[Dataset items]

☆ ☆ ☆ ☆ ☆

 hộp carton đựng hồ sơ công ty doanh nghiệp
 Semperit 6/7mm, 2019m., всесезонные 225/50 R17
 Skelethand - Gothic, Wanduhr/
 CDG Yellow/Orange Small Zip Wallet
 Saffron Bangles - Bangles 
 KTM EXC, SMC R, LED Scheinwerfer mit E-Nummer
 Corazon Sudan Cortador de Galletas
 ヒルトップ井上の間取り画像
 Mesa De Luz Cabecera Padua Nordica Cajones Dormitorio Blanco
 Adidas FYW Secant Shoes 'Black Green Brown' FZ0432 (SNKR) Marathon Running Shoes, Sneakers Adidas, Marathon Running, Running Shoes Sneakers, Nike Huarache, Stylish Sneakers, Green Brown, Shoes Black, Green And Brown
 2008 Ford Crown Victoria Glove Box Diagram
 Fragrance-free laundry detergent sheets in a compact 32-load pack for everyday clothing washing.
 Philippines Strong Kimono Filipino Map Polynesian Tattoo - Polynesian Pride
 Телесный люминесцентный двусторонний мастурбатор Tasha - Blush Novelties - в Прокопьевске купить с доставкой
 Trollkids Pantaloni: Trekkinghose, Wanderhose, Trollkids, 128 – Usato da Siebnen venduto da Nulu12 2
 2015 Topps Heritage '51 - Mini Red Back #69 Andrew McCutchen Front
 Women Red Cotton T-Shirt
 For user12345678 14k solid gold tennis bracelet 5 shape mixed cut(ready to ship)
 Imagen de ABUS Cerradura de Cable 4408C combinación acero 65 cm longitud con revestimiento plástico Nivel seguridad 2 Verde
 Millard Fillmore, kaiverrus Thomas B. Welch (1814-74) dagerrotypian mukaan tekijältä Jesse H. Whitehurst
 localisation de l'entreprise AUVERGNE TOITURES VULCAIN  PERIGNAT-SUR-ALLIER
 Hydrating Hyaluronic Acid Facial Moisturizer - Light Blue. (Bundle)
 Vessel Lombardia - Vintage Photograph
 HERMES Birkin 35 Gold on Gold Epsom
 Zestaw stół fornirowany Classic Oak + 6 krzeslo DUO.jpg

☆ ☆ ☆ ☆ ☆

=== Prompt ===
The line with "Corazon Sudan Cortador de Galletas" marks the end; reproduce exactly every line from the start of the entries up to it, that line included.

=== Written answer ===
 hộp carton đựng hồ sơ công ty doanh nghiệp
 Semperit 6/7mm, 2019m., всесезонные 225/50 R17
 Skelethand - Gothic, Wanduhr/
 CDG Yellow/Orange Small Zip Wallet
 Saffron Bangles - Bangles 
 KTM EXC, SMC R, LED Scheinwerfer mit E-Nummer
 Corazon Sudan Cortador de Galletas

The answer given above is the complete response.